The Bane of Social Networking

As I've been learning how to up my book selling game, one thing has come to the forefront that I cannot deny: I must network.

For me, that's just the final joke at the end of a hard road. All my life, I have been a poor networker. I have struggled and I have failed.

In school, I had trouble as I brought negative social cred to any group that I was part of. By that, I mean that the group could immediately up its social cred by pushing me out. I wasn't just a wash on the whole social network, I was a drag, and generally perceived as an irredeemable one at that. In fact, I think it fair to say that in almost every group that I've interacted with, I've had a horrible time integrating.

Now I write books. Now I want to sell them. How to do that? How do I reach an audience? How do I reach reviewers? How do I get anybody to read anything that I've written? How got get anyone to lay down $$$?

According to expert wisdom, I should build a mail list so that I can announce my novels. That sounds terrific, but only in theory. Who would want to be on the mail list? If nobody is buying or taking what I have to give away, who would sign up for the list? All that I've really done is move my networking problem to a new node. There won't be folks signing up for a mailing list because another part of the circle isn't working. Walk a bit more around the circle again, and I find a new snag.

I suppose that I will eventually work through this circle enough times so that everything works, but it's damned frustrating getting there. You could call me a bitter loser jealous of everyone else's success if you want to, and I don't blame you, but in the end such flat sentiments do a disservice to both of us. You've created a binary instead of acknowledging the emotional difficulty in striving towards something difficult.

Meanwhile, in sports, you would accept "no pain, no gain." In sports, difficulties are just expected along the way and that in no way diminishes the athlete. Every athlete gets frustrated, wants to throw in the towel, hates the system, and screams in rage even as they stay in love with the game.

The same goes for a writing business. Like any athlete, you must constantly perform up to a high potential. If you drop, there's someone to take your place. If your new, you have to rise above the crowd to get in. All the while, you must learn all sorts of skills to get there.

This skill of social networking, for me, its' a daunting one. I feel like I'm starting below the floor.

A Day of LJ Changes

I like many of the improvements.

I'm getting used to this new layout. If I can use 15+ operating systems, I can get the swing of a web interface. Most of the problem is in a surprise. Your brain starts spinning because it wants to just go to where it already knows something is, and when it can't figure out where something is quickly, your brain starts going faster trying to figure out an illogical problem.

So, take my advice and step back. Relax. You will need to spend a little time getting to know where things are again. The layout is not insane, it's just unfamiliar. If you can choose to leave the familiar behind, then you can hop into the new format much easier.

I expect to see more changes to come along as the interfaced is rolled out.
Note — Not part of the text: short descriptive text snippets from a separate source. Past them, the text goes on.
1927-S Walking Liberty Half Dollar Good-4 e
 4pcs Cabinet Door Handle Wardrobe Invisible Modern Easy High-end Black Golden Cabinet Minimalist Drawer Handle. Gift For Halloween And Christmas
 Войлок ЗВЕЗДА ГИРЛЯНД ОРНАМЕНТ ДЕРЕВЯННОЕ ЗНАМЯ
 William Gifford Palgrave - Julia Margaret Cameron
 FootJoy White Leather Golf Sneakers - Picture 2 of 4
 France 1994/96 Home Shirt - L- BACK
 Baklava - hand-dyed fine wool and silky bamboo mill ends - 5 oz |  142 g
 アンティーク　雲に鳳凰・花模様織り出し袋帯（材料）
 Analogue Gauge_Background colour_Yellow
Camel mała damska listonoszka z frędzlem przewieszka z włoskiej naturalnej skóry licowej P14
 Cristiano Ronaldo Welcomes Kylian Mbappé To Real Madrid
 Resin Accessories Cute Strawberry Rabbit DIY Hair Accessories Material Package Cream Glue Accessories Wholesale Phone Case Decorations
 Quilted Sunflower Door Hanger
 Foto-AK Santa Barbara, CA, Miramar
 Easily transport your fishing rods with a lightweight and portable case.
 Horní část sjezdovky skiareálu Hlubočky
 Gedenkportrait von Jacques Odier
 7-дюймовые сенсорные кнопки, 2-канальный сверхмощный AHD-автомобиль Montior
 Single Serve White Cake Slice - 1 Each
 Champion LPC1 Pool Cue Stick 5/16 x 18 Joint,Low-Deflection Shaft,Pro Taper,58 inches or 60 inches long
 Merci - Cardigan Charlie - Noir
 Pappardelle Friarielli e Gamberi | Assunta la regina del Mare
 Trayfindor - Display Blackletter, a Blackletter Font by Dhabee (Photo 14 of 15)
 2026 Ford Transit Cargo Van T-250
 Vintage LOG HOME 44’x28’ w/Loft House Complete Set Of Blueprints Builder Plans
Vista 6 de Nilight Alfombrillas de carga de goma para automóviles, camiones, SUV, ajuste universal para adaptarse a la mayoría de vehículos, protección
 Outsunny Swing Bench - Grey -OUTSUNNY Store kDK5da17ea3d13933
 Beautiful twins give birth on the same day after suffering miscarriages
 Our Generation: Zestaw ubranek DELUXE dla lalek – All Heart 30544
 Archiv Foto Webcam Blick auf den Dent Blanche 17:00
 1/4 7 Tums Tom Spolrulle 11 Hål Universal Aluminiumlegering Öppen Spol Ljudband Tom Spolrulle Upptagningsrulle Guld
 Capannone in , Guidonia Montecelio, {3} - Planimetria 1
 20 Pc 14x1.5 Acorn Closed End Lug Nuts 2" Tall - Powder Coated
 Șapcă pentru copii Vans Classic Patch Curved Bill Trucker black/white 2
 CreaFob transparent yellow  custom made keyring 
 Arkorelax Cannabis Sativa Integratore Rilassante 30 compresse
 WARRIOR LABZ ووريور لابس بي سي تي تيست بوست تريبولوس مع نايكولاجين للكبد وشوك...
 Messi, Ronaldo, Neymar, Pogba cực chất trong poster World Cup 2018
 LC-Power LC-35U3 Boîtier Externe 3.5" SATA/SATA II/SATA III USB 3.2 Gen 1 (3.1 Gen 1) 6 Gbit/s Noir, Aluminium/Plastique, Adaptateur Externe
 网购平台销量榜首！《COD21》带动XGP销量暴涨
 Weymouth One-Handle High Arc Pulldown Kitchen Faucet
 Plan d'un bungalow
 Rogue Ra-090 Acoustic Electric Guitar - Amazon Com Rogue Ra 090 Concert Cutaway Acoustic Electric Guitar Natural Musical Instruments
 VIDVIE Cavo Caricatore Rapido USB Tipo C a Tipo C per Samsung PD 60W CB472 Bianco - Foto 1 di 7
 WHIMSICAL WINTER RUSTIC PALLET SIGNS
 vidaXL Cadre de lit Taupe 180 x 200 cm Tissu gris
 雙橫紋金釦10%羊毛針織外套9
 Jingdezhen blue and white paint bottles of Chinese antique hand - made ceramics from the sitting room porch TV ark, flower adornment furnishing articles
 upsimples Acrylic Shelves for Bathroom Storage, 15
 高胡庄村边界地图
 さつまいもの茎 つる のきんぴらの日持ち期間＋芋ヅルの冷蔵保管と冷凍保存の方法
You see its direction and the overall experience should get more consistent.


As of this posting, I am #10,701 in user ranking.

At first, that sounds cool. After thinking about it, that tells me that LJ only has regular English posters in the 20k range. Yowza. Talk about population bleed. How the trendy have fallen.

Find pages with ratings is a bit tough. I don't think that info has populated for folks who haven't logged in recently. One friend is at 30k, so that blows my theory. I think she's closer to the bottom than I am, so I'm doing better than I suspected, but looking at my numbers, that's not really hard.